At its strictest the Unknown Perpetrator Doctrine in dependency cases states that, if a child is egregiously abused while in the exclusive custody of the parents, the Court can find the child abused even if the State cannot prove which parent committed the act. The doctrine derives from the language of the Egregious Abuse ground for termination of parental rights, which says that the parent is at fault if he or she either inflicted the abuse or knowingly failed to prevent it, and from the concept of circumstantial evidence. If the injuries were severe and obvious and only the two parents had access to the child, one of them inflicted and the other failed to protect. It is irrelevant under the statute which parent did which.
The Unknown Perpetrator Doctrine begins to unravel when you add in third parties. The access to the child by third parties–such as relatives, day care workers, or people at a park–during the time frame of the injuries has in some cases caused courts to reverse TPRs on the basis that you can no longer say that each parent falls into one of the two fault-worthy roles. The Doctrine also loses strength in TPR cases when the injuries themselves are not obvious.
In the Third DCA’s case yesterday, the 11-month-old child had two bruises and a loopmark after a weekend with the father.
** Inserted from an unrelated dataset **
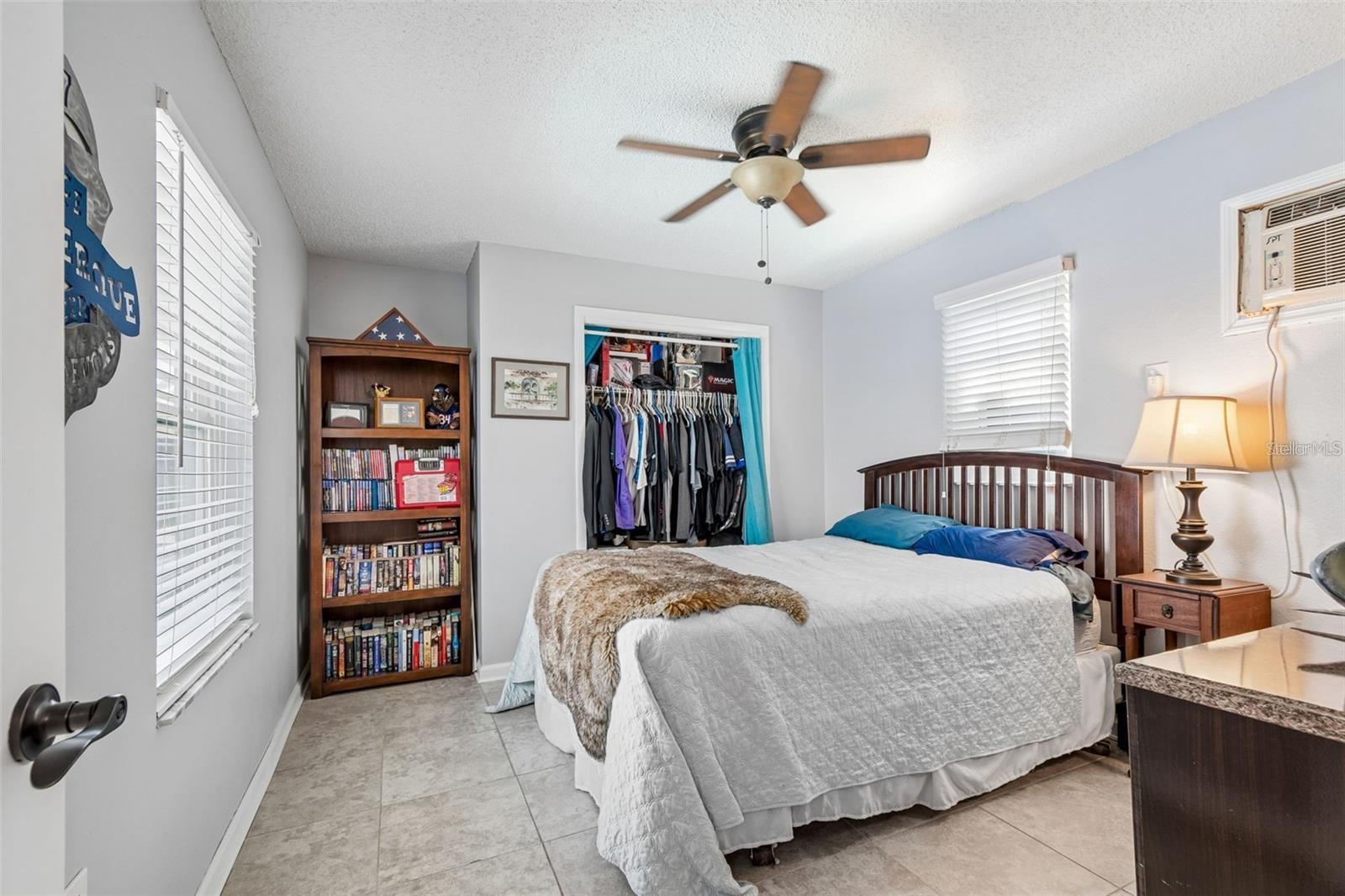 4306 NEWBURY DR — photo 35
Numerous people had access to the child during that time, and there was no evidence presented (or at least no facts recited in the opinion) that the father did or failed to do anything in particular. The evidence was limited to the injuries to the child plus the fact that the child was in the father’s custody for the weekend.
The Third DCA reversed:
Based on the definition of “harm,” there is substantial, competent evidence that H.C.(2) was harmed, as it is undisputed that she not only had significant bruises, but she also had a “loop mark” that is consistent with being hit with an instrument such as an electrical cord or a belt. However, the record is completely devoid of any evidence that the Father caused H.C.(2)’s injuries, allowed anyone else to inflict H.C.(2)’s injuries, or has ever hit or physically disciplined H.C.(2) or H.C.(1). Moreover, during the weekend, H.C. (2) was exposed to numerous individuals besides the Father and the Mother, including the Father’s then-wife, her two children, the maternal grandmother, and several of H.C.(2)’s cousins. Thus, the Department failed to establish by a preponderance of the evidence that the Father inflicted or allowed someone else to inflict these injuries on H.C.(2). We therefore reverse the order adjudicating the Children dependent as to the Father.
These injuries are not legally considered “egregious.” And notably the opinion does not even mention the line of cases that favorably apply the Unknown Perpetrator Doctrine to egregious abuse TPRs. Instead, Judge Rothenberg looks only at the dependency statute and finds that it requires proof of a willful act by the parent. In a situation where the injury was not obvious and the parent did not have exclusive access to the child, there is not even circumstantial proof of a willful act.
At first this feels wrong, because a loop mark is obviously inflicted by a human. But we don’t know if that loop was done by a parent, an adult relative, or just kids at the park using a jump rope as a helicopter. Child welfare policy is the constant struggle between our desire to protect (certain) children and our concept of ordered liberty in which families are entrusted to care for them first. Based on the evidence, this child needed an ice pack and a maybe a band aid. If the Department could prove this child was at prospective risk of harm, I have to assume it would have. The Unidentified Perpetrator Doctrine only makes sense when limited to the most extreme cases of injury, or else it risks elevating every mysterious bruise or scratch into a basis for state intervention. We don’t have enough foster homes in the world for that.